● Information shown
'''
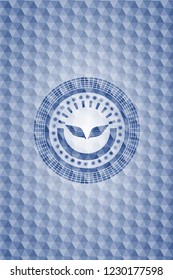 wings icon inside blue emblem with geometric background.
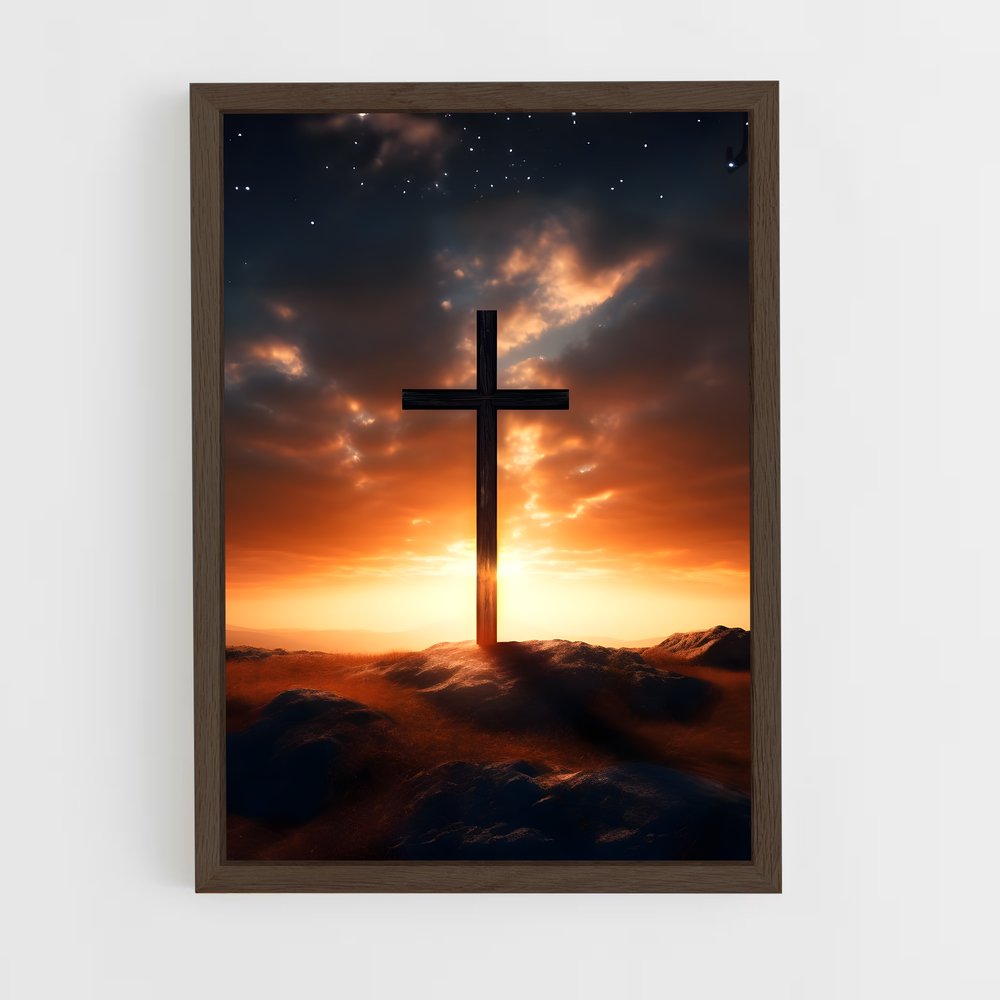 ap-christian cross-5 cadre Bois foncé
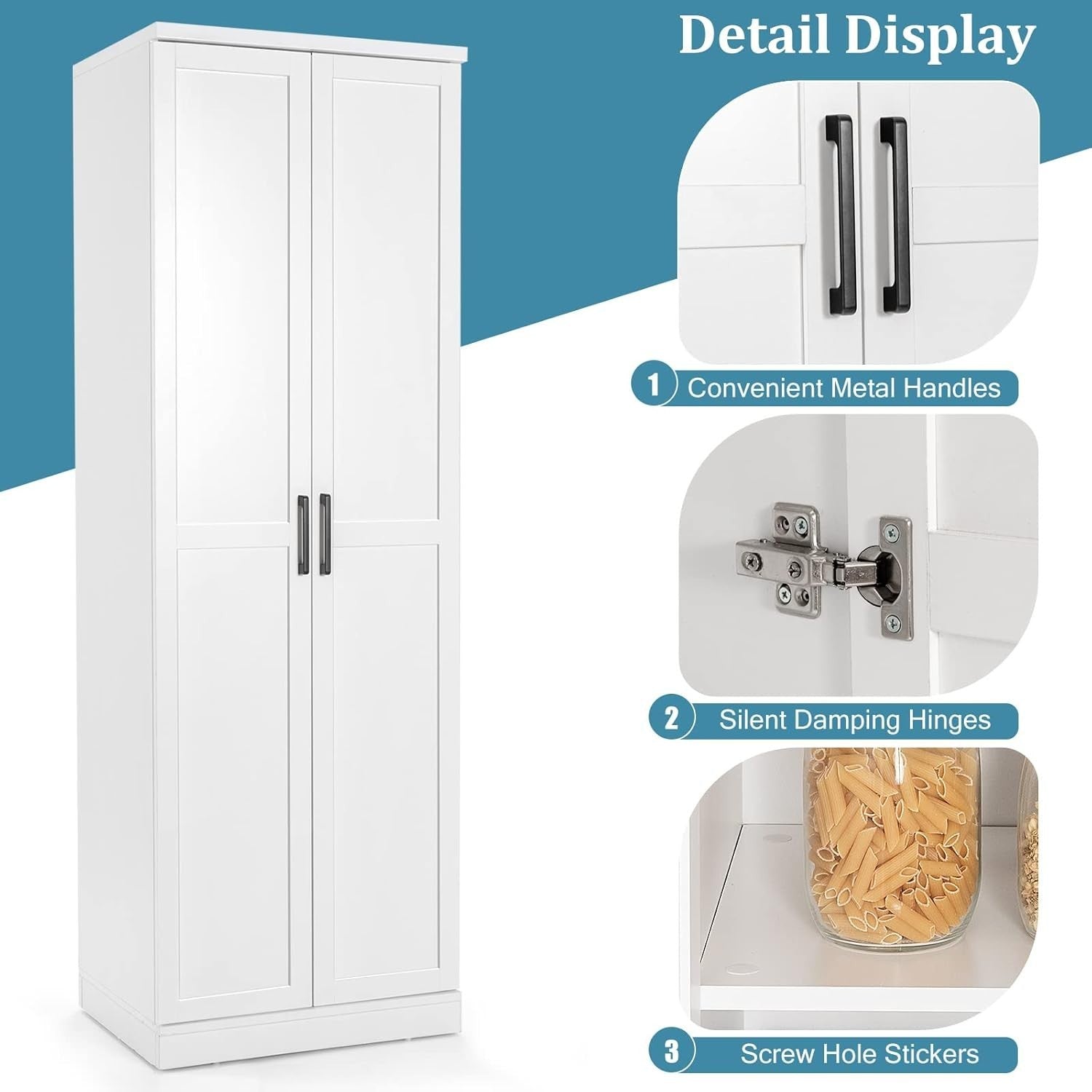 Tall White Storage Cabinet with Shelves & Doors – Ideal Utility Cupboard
'''
● What the task asks
Only the lines from the one with "ap-christian cross-5 cadre Bois foncé" to the end of the listing, both ends included, should be retyped exactly; no pictures belong in the copy.

● Expected answer
 ap-christian cross-5 cadre Bois foncé
 Tall White Storage Cabinet with Shelves & Doors – Ideal Utility Cupboard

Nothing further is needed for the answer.